Investors force discount on new 30-year bond in push for higher returns

Investors who bought the new 30-year Treasury bond were handed a nine percent discount on the price of the security after they demanded a higher interest return than what the State was willing to pay on the paper.

The bond came with a predetermined annual interest rate of 12.5 percent, but investors demanded to be paid 13.75 percent to buy the paper, hence the discount on the price to make up for the return shortfall.

The CBK said that successful bidders on the 30-year bond will pay Sh91.04 per bond unit of Sh100, effectively handing them a discount of Sh8.96 for each unit. A unit of a bond is priced at Sh100, but they can sell above or below this price depending on the prevailing demand when the papers are reopened.

The interest rate outlook has however shifted due to the threat of inflation due to the Iran war, with investors now anticipating higher returns in the near term if the CBK is forced to raise the base rate to fight higher inflation.

It also means that the cost of borrowing for government will go up due to the cash ceded in offering the discounts to investors.

For investors however, the lower prices are a direct upfront gain, considering that they will be paid interest and maturity settlements on the full face value of the bonds.

In the bonds market, interest rates and prices have an inverse relationship, where a fall in one results in an increase in the other.

Ideally, when the investor’s rate demands match what the government is willing to pay for a security, the buyer would pay exactly the face value of the security.

However, when investors ask for a return that is higher than a bond’s actual coupon or interest rate, the CBK offers a discount on the bond’s price to compensate the investors for accepting to earn below their desired return.

Alternatively, when investors indicate they are willing to take a return that is lower than a bond’s coupon rate, they end up paying a price premium to the CBK in order to secure the bond.

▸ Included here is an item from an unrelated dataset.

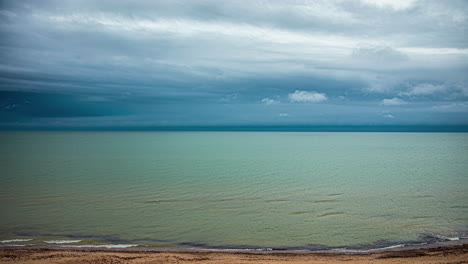 Timelapse-shot-of-dark-cloud-movement-over-sea-shore-with-waves-crashing-along-on-a-rainy-day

The CBK was thus forced to offer the price discount to attract buyers to its April issuance, which targeted Sh20 billion from the new bond and a reopened 30-year bond that was first sold in 2011 at an annual interest rate of 12 percent.

The issuance raised Sh30.06 billion from investor bids of Sh38 billion from the two bonds. The new 30-year bond netted Sh23.5 billion from offers worth Sh31.3 billion, while the reopened paper raised Sh6.6 billion from offers of Sh7.05 billion.

Similar to the new bond, the 2011 paper was also sold at a discount of Sh1.91 per unit of Sh100, after buyers demanded a return of 12.99 percent compared to its actual interest rate of 12.5 percent.

The government is collecting net of Sh27.82 billion from the two bonds, handing investors Sh2.24 billion in discounts on the papers.